A hymn that sings about death and promises joy when Christ shall come to “take me home” lands a little differently when a person will probably live to be 75 as opposed to 25. Within the context of these old hymns, I assume people were feverishly trying to make the most out of their lives because they knew they would likely end soon. Back then, singing of heaven and the “sweet by and by” was probably less an attempt to forget about death and more so a balm to soothe the soul in case death brought one’s hopes and dreams to a quick conclusion.
Unfortunately, however, Christians today have inherited these hymns (and the theology about heaven within them) and applied them inadvertently to our own lives — focusing on eternal life and not addressing the reality of death. Don’t get me wrong. Within the church, I think it’s good and important that we talk about bodily resurrection and life after death. The problem occurs when our theology of heaven gets mixed with an unhealthy neglect of death. In other words, it is a problem when we approach life as something that serves our pleasure and then skip right over death, getting straight to heaven. I can’t help but think of the lyrics to the AJR song featured in some TikTok memes: “Can we skip to the good part?”
By denying death, we rob life of its urgency. The reality is: Christian theology has always had a “realized” eschatology. In other words, the kingdom of God has always been “here and not yet.” Heaven is accessible here and now. As Jesus said, it is “at hand” (Matthew 4:17). When we think of heaven as distant and inaccessible, it leads us to sit around twiddling our thumbs thinking about it instead of living our lives with urgency.
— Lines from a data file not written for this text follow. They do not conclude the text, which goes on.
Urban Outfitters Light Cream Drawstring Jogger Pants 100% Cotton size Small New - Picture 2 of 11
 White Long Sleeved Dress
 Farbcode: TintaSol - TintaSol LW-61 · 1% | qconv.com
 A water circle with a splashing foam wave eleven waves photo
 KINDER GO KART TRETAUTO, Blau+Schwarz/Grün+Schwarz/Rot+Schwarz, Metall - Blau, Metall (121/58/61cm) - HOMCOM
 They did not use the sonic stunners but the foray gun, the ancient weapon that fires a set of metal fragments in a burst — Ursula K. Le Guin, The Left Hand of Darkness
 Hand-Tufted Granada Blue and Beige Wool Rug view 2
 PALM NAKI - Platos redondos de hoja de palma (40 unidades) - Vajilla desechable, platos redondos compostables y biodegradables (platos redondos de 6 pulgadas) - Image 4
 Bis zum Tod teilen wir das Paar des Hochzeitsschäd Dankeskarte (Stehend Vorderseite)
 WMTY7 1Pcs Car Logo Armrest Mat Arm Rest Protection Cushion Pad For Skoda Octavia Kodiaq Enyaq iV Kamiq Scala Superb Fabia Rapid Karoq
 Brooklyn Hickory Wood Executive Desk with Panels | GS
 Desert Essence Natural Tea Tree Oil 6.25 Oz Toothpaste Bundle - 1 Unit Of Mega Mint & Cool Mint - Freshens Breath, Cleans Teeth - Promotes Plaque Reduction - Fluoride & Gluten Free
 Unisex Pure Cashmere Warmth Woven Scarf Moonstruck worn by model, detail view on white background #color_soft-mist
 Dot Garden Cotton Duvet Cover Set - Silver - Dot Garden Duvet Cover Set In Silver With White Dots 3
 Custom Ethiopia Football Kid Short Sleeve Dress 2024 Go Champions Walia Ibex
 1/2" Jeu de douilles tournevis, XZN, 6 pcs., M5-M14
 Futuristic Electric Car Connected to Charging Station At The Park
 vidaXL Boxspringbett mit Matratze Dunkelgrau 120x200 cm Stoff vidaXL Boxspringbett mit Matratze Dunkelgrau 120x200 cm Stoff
By acknowledging and admitting the reality of death, we put our own lives into perspective; we put our suffering and the suffering of others into perspective. We actually live more fully into the reality of the resurrection and eternal life by allowing that life to flow through our ministry and into the suffering of the world right now. Death is certain. It happens all around us and will happen to us. Christian hope is not based on ignoring death until it happens. Our hope is based in the reality that our deathless God walks with us through the valley of death’s shadow. By thinking more of death, we help ourselves to see where God’s life is still absent in the world and to be God’s healing hand that reaches out.